Once a multisample image is built and rendered to, if it is to be viewed, it must be reduced down to a single-sample per-pixel. The process of downsampling a multisample image is called the "multisample resolve". In OpenGL, to perform a multisample resolve, you use a blit operation from a multisampled framebuffer to a single-sampled one. Note that such a resolve blit operation cannot also rescale the image or change its format.

If you create a multisampled Default Framebuffer, the back buffer is considered multisampled, but the front buffer is not. So swapping the buffers is equivalent to doing a multisample resolve operation.

Per-sample shading[edit]

Per-sample shading
Core in version 4.6
Core since version 4.0
ARB extension ARB_sample_shading

The whole idea of multisampling is that the FS should execute at a lower frequency than the sample count. However, it is sometimes useful to force the fragment shader to execute at the sample rate. For example, if you are doing post-processing effects on a multisample image before resolving it, then you need to execute those effects on each sample within each pixel.
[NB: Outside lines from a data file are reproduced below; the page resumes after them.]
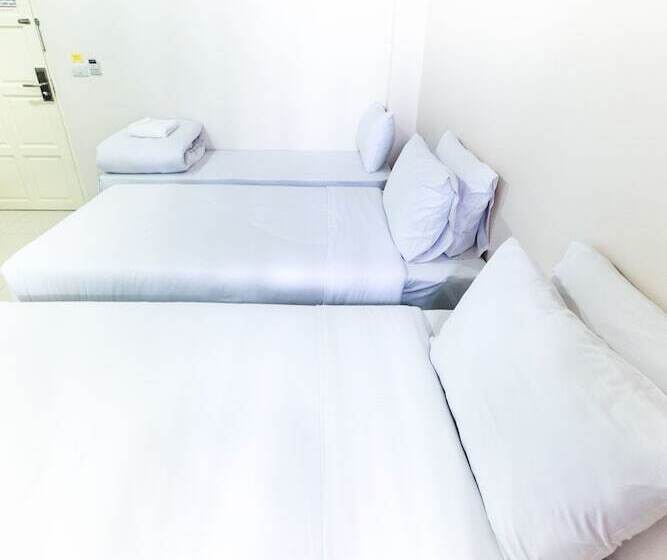 Quarto Triplo Estandar, Don Muang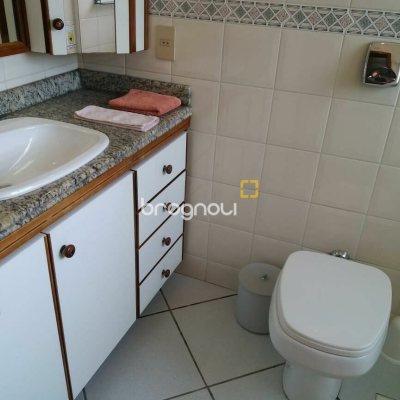 Casa com 580m², 7 quartos (sendo 3 suítes), 5 garagens, no bairro Jurerê Internacional em Florianópolis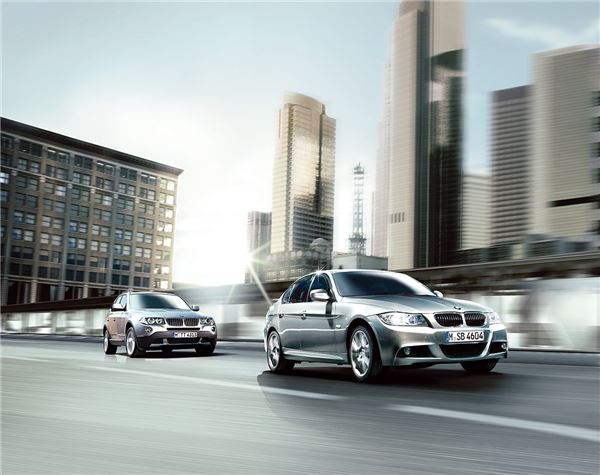 BMW 코리아가 서비스 보증기간(BSI)가 만료된 3시리즈와 1시리즈, X1, X3, Z3, Z4를 대상으로 무상 점검과 수리 공임 할인 혜택을 중심으로 한 ‘리프레시 캠페인’을 진행한다. 사진=BMW 코리아 제공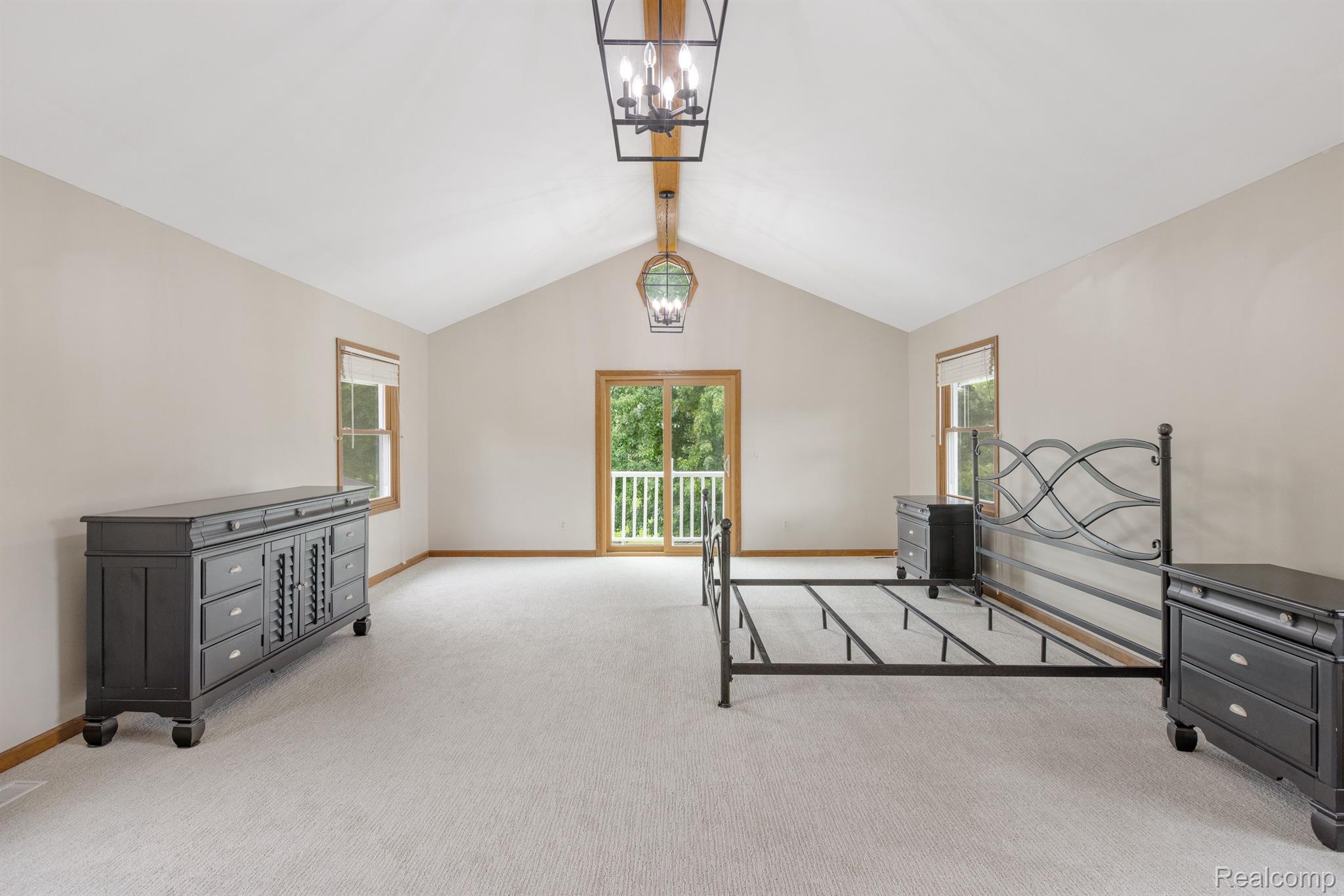 48975 Fairchild Road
And the results could be very different depending on overlapping primitives and the like.

This is called "per-sample shading", and it effectively transforms multisampling into supersampling.

Per-sample shading is activated for a shader if you use the sample interpolation qualifier on any FS input value, or if you access gl_SamplePosition or gl_SampleID in the FS.

Per-sample shading can also be activated externally to a shader. GL_SAMPLE_SHADING can be enabled; when it is, calling glMinSampleShading will specify a percentage of the maximum number of samples that will get unique fragment data. If you pass a value of 0.5, then 50% of the samples will get unique fragment shader data. Passing 1.0 will mean full per-sample shading is active.

Note that if you use a value less than 1.0, the exactly location used for interpolating the data given to the FS will be implementation-defined. It will be different for each bundle of samples being fed by the same fragment, but unless you use centroid, there will be no guarantee that it will be within the area of the primitive.

Smooth antialiasing[edit]

Before GL_ARB_multisample extension, the edges of lines, polygons, and points could be selectively antialiased using using glEnable(GL_LINE_SMOOTH), glEnable(GL_POLYGON_SMOOTH), glEnable(GL_POINT_SMOOTH) respectively, combined with a blending function, such as glBlendFunc(GL_SRC_ALPHA, GL_ONE_MINUS_SRC_ALPHA). Such features were typically not implemented in hardware in early consumer graphics cards at the time, and were done in software resulting in poor performance. More expensive "workstation" graphics cards from HP, Sun, and SGI at the time did implement these features in hardware.